Lo único que se sabe es que, llegado todo el mundo al Merluzo de Oro, se encontraron con un organillero que declaraba, lloroso, la cancelación de todos los eventos «por causa de la mezquina muerte».
«En buena lid hay que ganarse al reloj», esto afirman los que nacieron funcionarios. Y yo que miro a la ventana lateral de mi despacho, que no es en realidad más que un bien surtido dormitorio, y doy como por descuido con algún exegeta de Keats que me mira de reojo mientras enciende un puro de esos americanos. Como la noche anda corta de reales, toca aplicarle la técnica del sfumato para que aparezca más irónica en sus graznidos, si es que entra en mis ganas atracar. La musa, en tanto, cizañera, se apresura a adelantarme en la pulseada.
La autora nos regala una proeza cada dos por tres, y no parece que Sueño interviniese en demasía. Cuando asistimos al nacimiento de una nueva imagen de la desgracia, lo que ocurre en varios grados, vemos que ella no se repliega por la pura certeza de que queda utilería para rato. Abreviando, las desmonta con manos expertas y sigue adelante con la siega; es decir, dispone todo en una sucesión caótica que se ajusta como Sombra a la naturaleza de lo narrado.
Extática mañana la que se aproxima. Algunos crisantemos han tenido a bien reverdecer, impúdicos, en la floristería de un recuerdo. Las diez dando y voy a coger este café como si me llegase desde el Olimpo y no de aquella máquina intratable que no distingue entre hunos y güelfos. Más me vale andarme sin prisas en la isla esta. Es donde, tal presumo, ha levantado la autora su tienda de campaña: «¡Preparen las bestias de guerra a las tres en punto!», parece que dice, de pie, con tacones de bulería, sobre el estrado. «Ahora que hemos ablandado las defensas, ¡sota y drakkar!». Entre muecas de victoria sus huestes la vitorean, y yo, que tengo el mismo espíritu belicoso que el de una cebra viajante, hágome a un lado cuando pasan las tropas con pies de truenos. Mas tal es mi suerte que me llevo la mejor parte del azote de la caballería.
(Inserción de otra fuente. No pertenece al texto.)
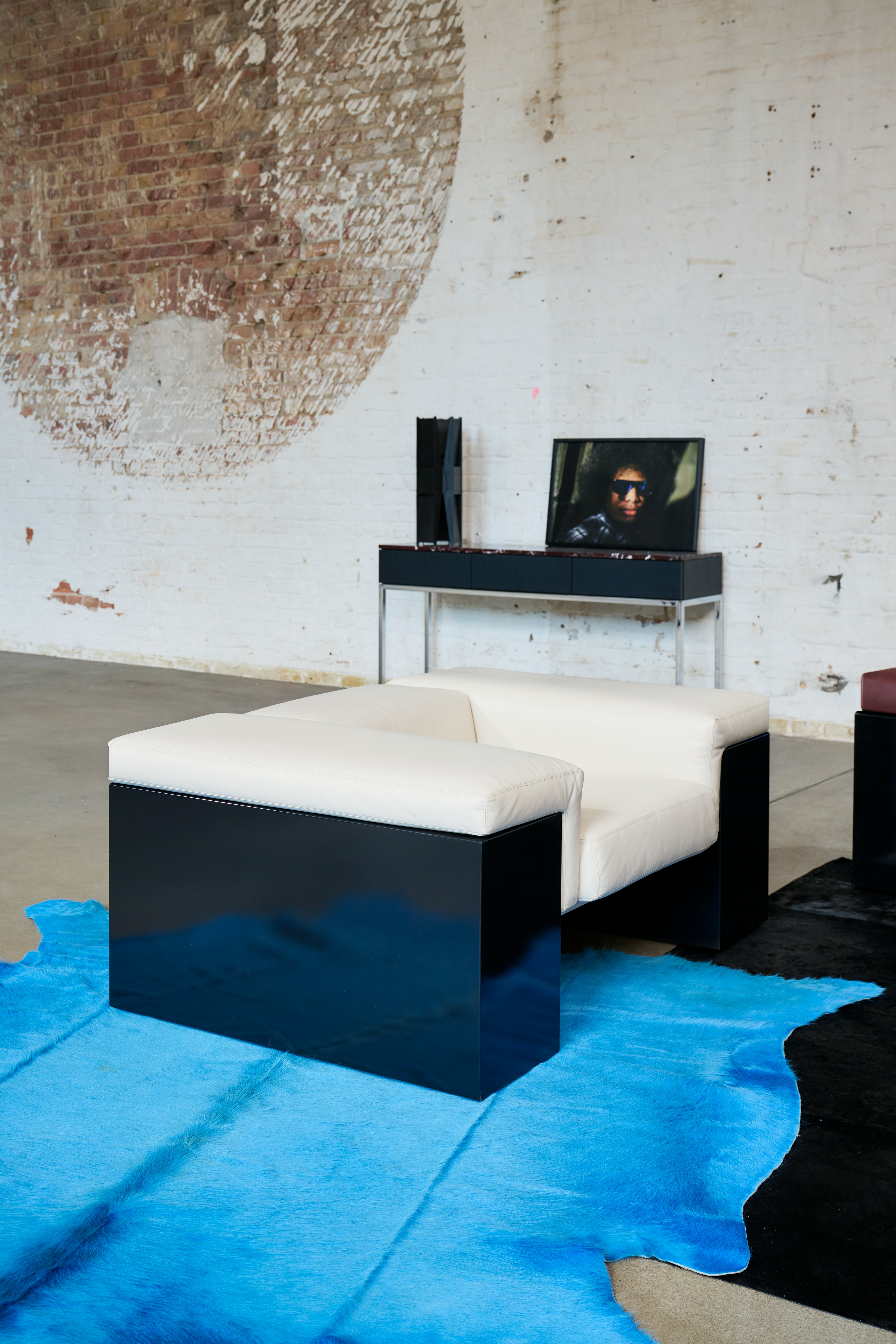 Knoll Chermayeff Console Table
Imposible no percatarse de los ecos shakespeareanos que se alzan en la parte dedicada a la valquiria soñadora. Su reclamación no deja lugar a dudas: ella es la clave del aire desgarrado que perfora el relato como una solitaria abeja su panal. Representa, acaso, la dimensión femenina de ese accidente de orfebrería en que consiste toda la acción. Mano solemne diestra en evaporarse, dedos humeantes prestos a extraer sus elixires. Entre bastidores, el espectáculo chinesco por excelencia: Hypnos, o más bien su silueta, que, con Eros de juez, planea sobre los espacios taciturnos de la musa —¡oh rosados fantasmas de plenilunio!— para bruñirles, en rondas, el sirope tibio de su propia hechura.
Duda y propuesta ejecutan, al combinarse, una labor escultórica de la más alta calidad, un baile al alcance de muy pocos zorzales. Así, lo erótico no es nunca un puro chorro de voluntarismo; no es el empecinamiento del querer, sino el hallazgo a dúo de aquella fibra memoriosa que salta por encima de los resortes lógicos y resuelve, sin prodigios, esa otra incógnita tardía que, de otro modo, vase a criar polillas en las salmodias.